**Directions:**
Set the listing down exactly; no pictures.

###

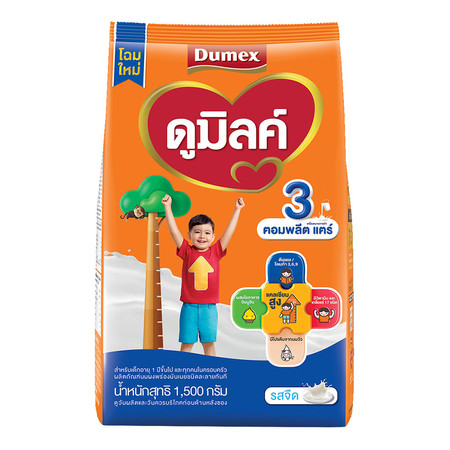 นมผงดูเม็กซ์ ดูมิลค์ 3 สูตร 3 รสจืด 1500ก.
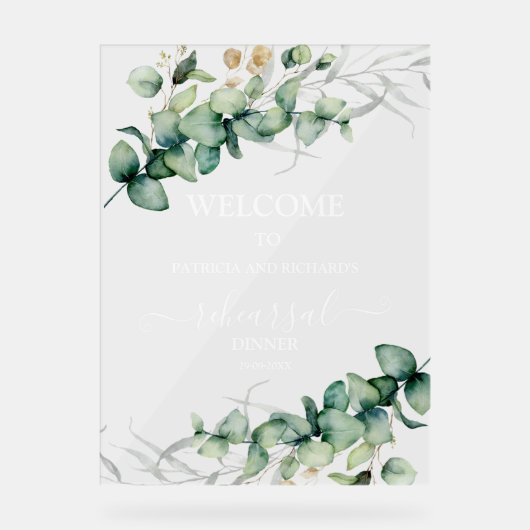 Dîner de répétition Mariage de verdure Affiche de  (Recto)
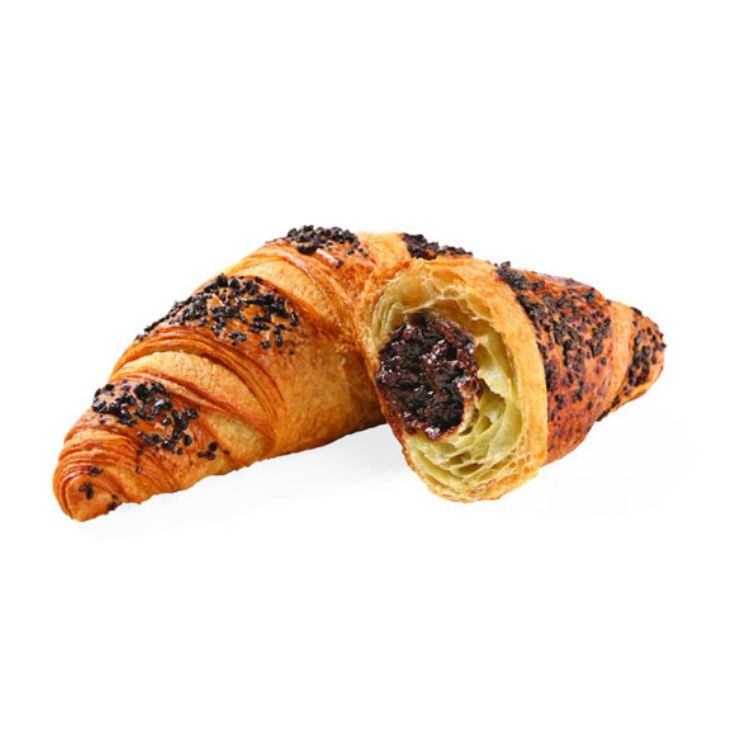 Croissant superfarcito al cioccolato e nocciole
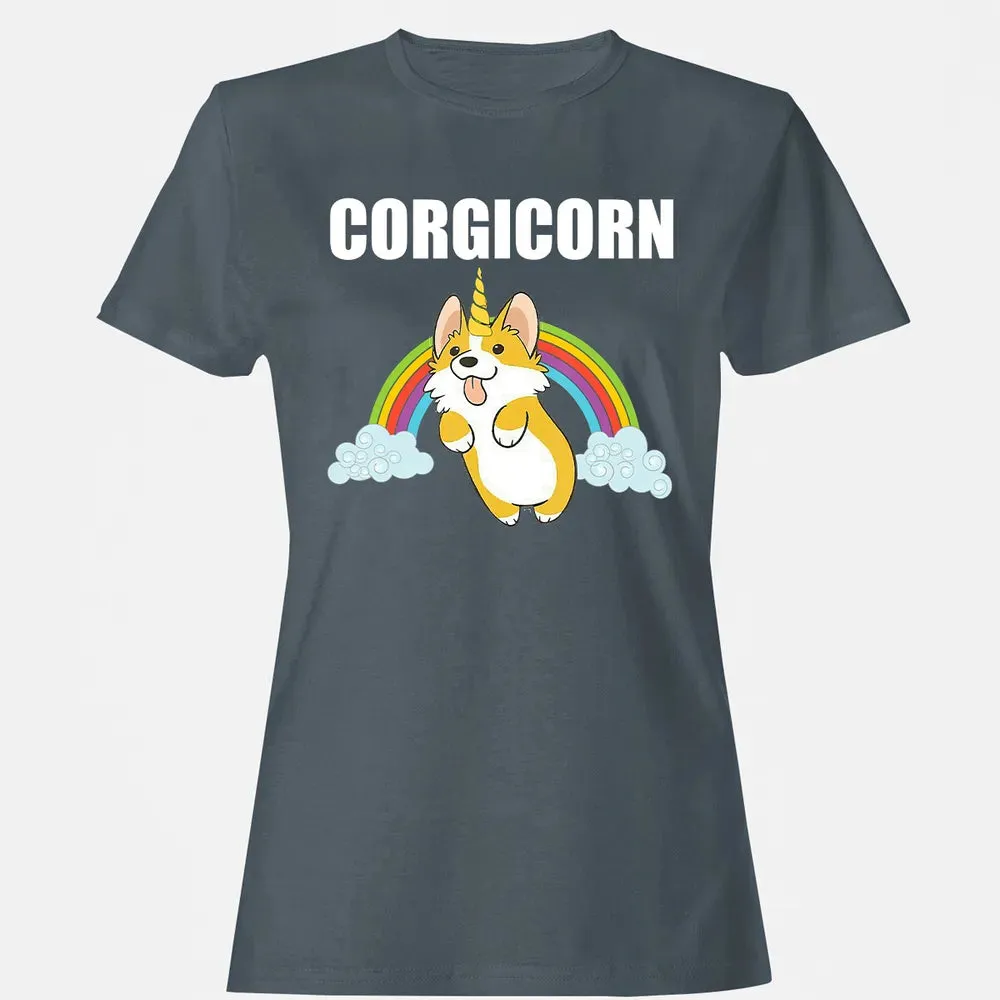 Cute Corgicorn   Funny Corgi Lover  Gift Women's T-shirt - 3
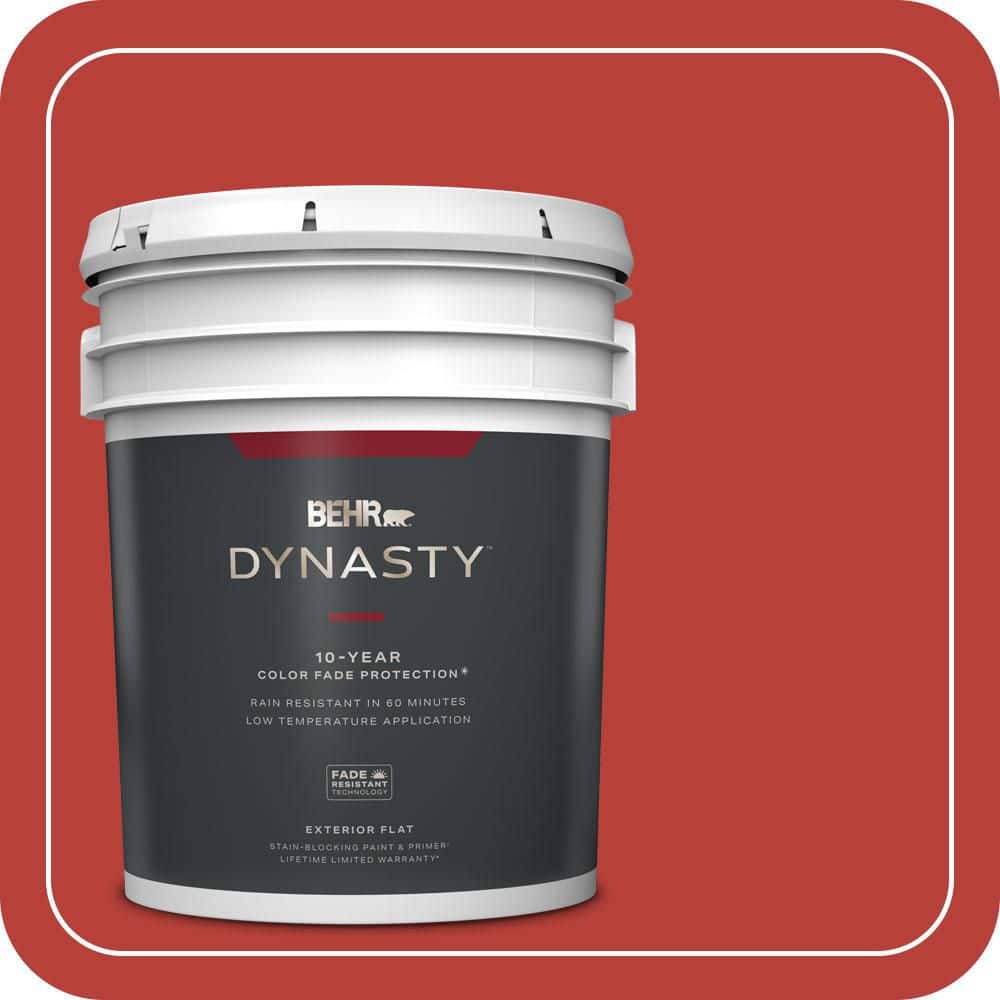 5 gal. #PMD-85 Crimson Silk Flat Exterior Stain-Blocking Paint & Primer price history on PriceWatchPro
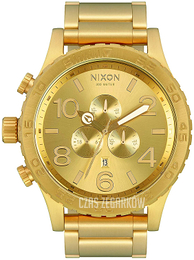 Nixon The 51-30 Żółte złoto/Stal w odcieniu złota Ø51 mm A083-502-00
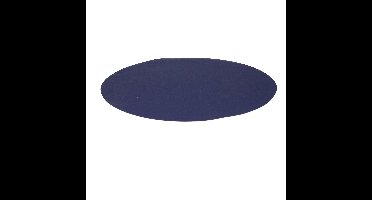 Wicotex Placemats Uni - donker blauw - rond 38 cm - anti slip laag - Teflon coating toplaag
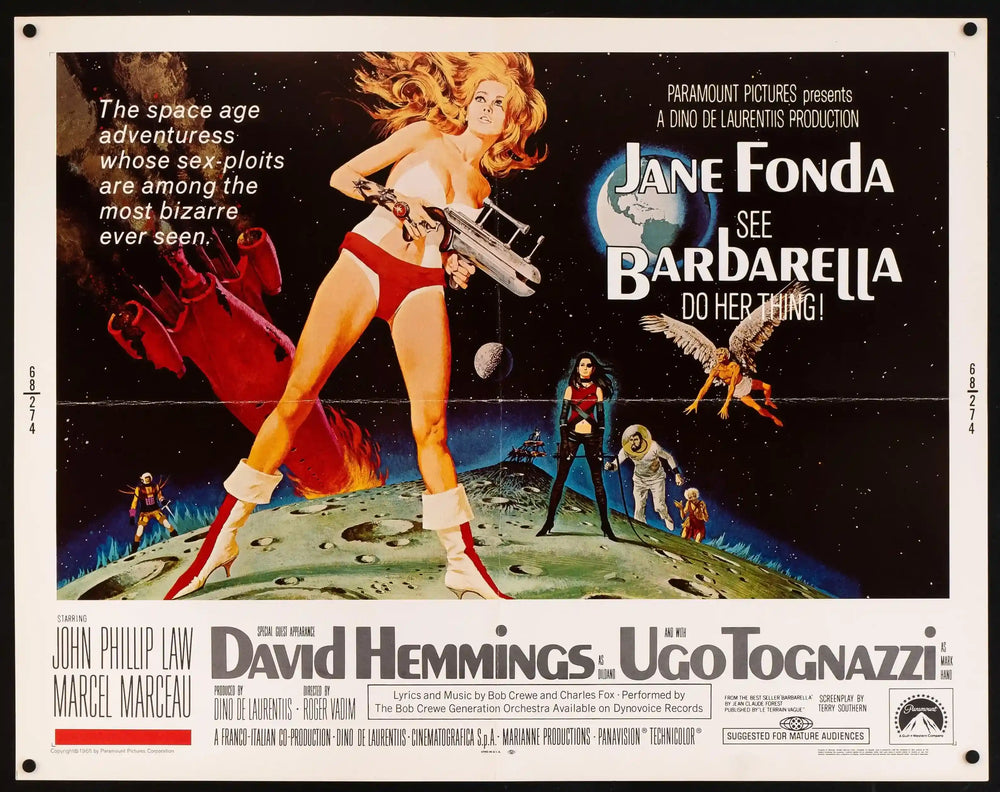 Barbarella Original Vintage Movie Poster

###

**Response:**
 นมผงดูเม็กซ์ ดูมิลค์ 3 สูตร 3 รสจืด 1500ก.
 Dîner de répétition Mariage de verdure Affiche de  (Recto)
 Croissant superfarcito al cioccolato e nocciole
 Cute Corgicorn   Funny Corgi Lover  Gift Women's T-shirt - 3
 5 gal. #PMD-85 Crimson Silk Flat Exterior Stain-Blocking Paint & Primer price history on PriceWatchPro
 Nixon The 51-30 Żółte złoto/Stal w odcieniu złota Ø51 mm A083-502-00
 Wicotex Placemats Uni - donker blauw - rond 38 cm - anti slip laag - Teflon coating toplaag
 Barbarella Original Vintage Movie Poster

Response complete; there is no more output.